Fazendo jus à verdade, o que torna este trabalho um marco do Metal Negro em todo o mundo não é a técnica demonstrada em cada solo, nem a criatividade em elaborar um bom riff ou em manter uma boa dose de conteúdo filosófico em suas letras. Como já discutido, a imaginação é igual a um foguete que parte rumo à escuridão do universo: ele pode tanto vagar eternamente no espaço vazio como encontrar um planeta novo, extraordinário e repleto de maravilhas. Só isso já cria uma margem sobre o potencial do imaginário na mente das pessoas, e o quanto essa capacidade pode alterar a realidade e fazer algo se tornar maior do que realmente é.

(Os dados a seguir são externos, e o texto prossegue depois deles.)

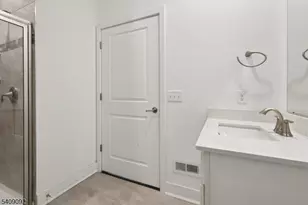 379 Main St, Little Falls Township, NJ 07424 - Photo 17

Visão diagonal do disco com o encarte aberto
Bom, foi o que ocorreu aqui. Se julgarmos o disco pelo conteúdo musical já citado, além da capa que apresenta nada mais que uma cabeça de bode em negativo extraída de um lugar qualquer, o que sobra é uma peça recheada de subjetividade, carente de bases concretas. O imaginário preenche o vazio criado pela abstração do trabalho, fazendo do álbum uma obra voltada literalmente para a imaginação de cada um. Não raro pode-se verificar ainda hoje pessoas prostradas em frente a película cheia de pentagramas e imagens em preto e branco se perguntando: “caramba! Olha só esse disco! Puta banda do demônio essa     hein?” sem se darem ao trabalho de analisar as características que compõem o conjunto. Como o Próprio Quorthon já havia mencionado em um trecho do livro HEAVY METAL – A HISTÓRIA COMPLETA (lançado no Brasil em 2010 pela editora ARX) “Depois de algum tempo nós percebemos que as pessoas eram atraídas pela banda por causa do aspecto misterioso. Não era algo que havíamos criado. A gente tinha só uma foto esculhambada em um fanzine, e o pessoal comprava a fantasia”.

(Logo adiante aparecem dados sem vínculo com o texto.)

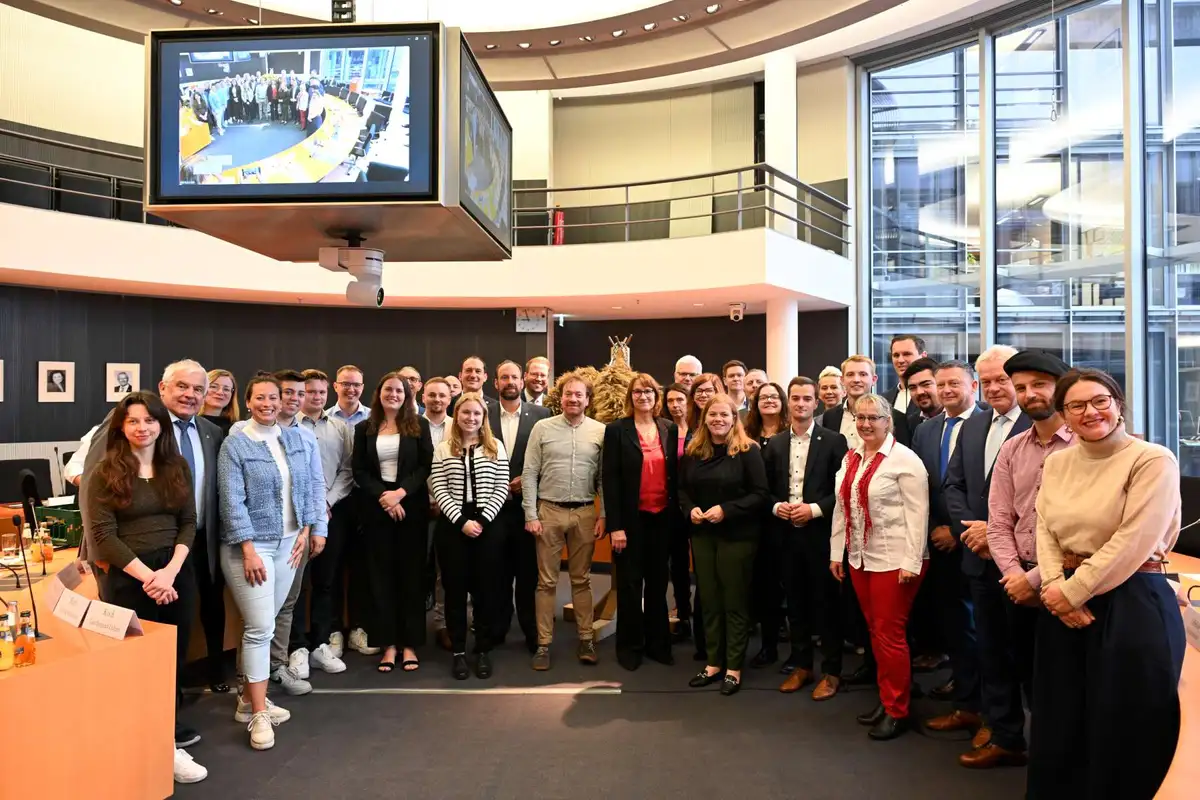 Die Landjugendlichen und Ausschussmitglieder lächeln in die Kamera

Fantasia. Eis a palavra chave. Em um universo saturado pelo estereótipo, encharcado de linhas e mais linhas praticamente idênticas de guitarra e baixo, nada mais original que a fantasia para chamar a atenção do público. Sendo assim, o que temos nos pouco mais de vinte minutos que sobram após a segunda faixa é um trabalho que mistura sonoridade extremamente agressiva com uma boa carga de imaginação, que faz do conjunto da obra uma peça de enorme influência para toda uma etnia metaleira, ávida por explorar os caminhos do espaço recém-desbravado por estes vorazes pioneiros.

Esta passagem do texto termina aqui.